Commento al Vangelo del 18 febbraio 2018.
Ci è donato il tempo di Quaresima per camminare seriamente, da discepoli, alla scuola del Signore: la mèta, il significato, il motivo di ogni passo del cammino è ‘con-formarci’, prendere la forma della umanità resa bella da Gesù risorto dai morti!
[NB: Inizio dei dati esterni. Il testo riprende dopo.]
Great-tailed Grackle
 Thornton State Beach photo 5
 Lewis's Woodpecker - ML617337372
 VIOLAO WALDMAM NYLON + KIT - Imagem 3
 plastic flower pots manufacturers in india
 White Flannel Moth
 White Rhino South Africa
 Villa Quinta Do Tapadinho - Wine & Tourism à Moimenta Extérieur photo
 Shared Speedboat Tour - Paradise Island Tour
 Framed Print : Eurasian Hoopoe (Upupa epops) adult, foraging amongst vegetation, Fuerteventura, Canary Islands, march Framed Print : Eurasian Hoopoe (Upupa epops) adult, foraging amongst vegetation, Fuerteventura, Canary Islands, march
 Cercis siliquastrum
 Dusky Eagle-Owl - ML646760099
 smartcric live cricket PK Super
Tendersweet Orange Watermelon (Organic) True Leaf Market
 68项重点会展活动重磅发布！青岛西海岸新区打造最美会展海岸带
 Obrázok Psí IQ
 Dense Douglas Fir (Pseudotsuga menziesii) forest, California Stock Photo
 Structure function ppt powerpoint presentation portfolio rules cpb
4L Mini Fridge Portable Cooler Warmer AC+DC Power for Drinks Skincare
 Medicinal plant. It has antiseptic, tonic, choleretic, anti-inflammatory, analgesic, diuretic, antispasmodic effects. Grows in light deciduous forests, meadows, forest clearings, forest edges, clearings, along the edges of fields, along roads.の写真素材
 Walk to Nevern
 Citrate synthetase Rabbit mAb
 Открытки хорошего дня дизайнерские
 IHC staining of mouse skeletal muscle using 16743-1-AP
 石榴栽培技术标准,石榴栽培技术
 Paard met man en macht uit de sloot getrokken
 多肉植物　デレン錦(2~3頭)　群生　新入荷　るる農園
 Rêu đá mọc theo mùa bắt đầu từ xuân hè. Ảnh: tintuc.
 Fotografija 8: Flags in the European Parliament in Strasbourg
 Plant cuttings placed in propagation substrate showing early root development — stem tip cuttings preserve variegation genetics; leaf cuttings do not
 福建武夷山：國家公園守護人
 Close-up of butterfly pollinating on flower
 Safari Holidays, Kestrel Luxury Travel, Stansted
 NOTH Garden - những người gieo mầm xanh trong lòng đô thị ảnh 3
Quest’anno, nel desiderio di diventare in tutto come Gesù, poniamo attenzione ai ‘sensi’ della nostra carne, perché, se la fede non tocca la nostra umanità in tutto, non serve a niente. E iniziamo dal gusto, pensando a Gesù che (ci racconta Marco nel vangelo di oggi) sospinto dallo Spirito, è rimasto «quaranta giorni nel deserto, tentato da Satana. Stava con le bestie selvatiche e gli angeli lo servivano» (Mc 1,12-13).
Il deserto. Gesù rimase nel deserto 40 giorni. Nel deserto, che abbiamo dentro, dobbiamo ritrovare la sorgente, che è solo dentro di noi, ed è sepolta dalle cose che ci abbiamo buttato sopra.
Gesù viene nel nostro deserto per starci. Ci viene a cercare e ci chiede di svuotarci, di buttare fuori quello che ci pesa e ci turba per poter accogliere il sapore limpido di quella fonte d’acqua che è in noi, profonda, ma che esiste. Per questo Gesù in altro luogo dice: dammi da bere! Vuole che noi facciamo esperienza e gustiamo quanto Lui è buono. Vuole che assaporiamo il suo amore smisurato.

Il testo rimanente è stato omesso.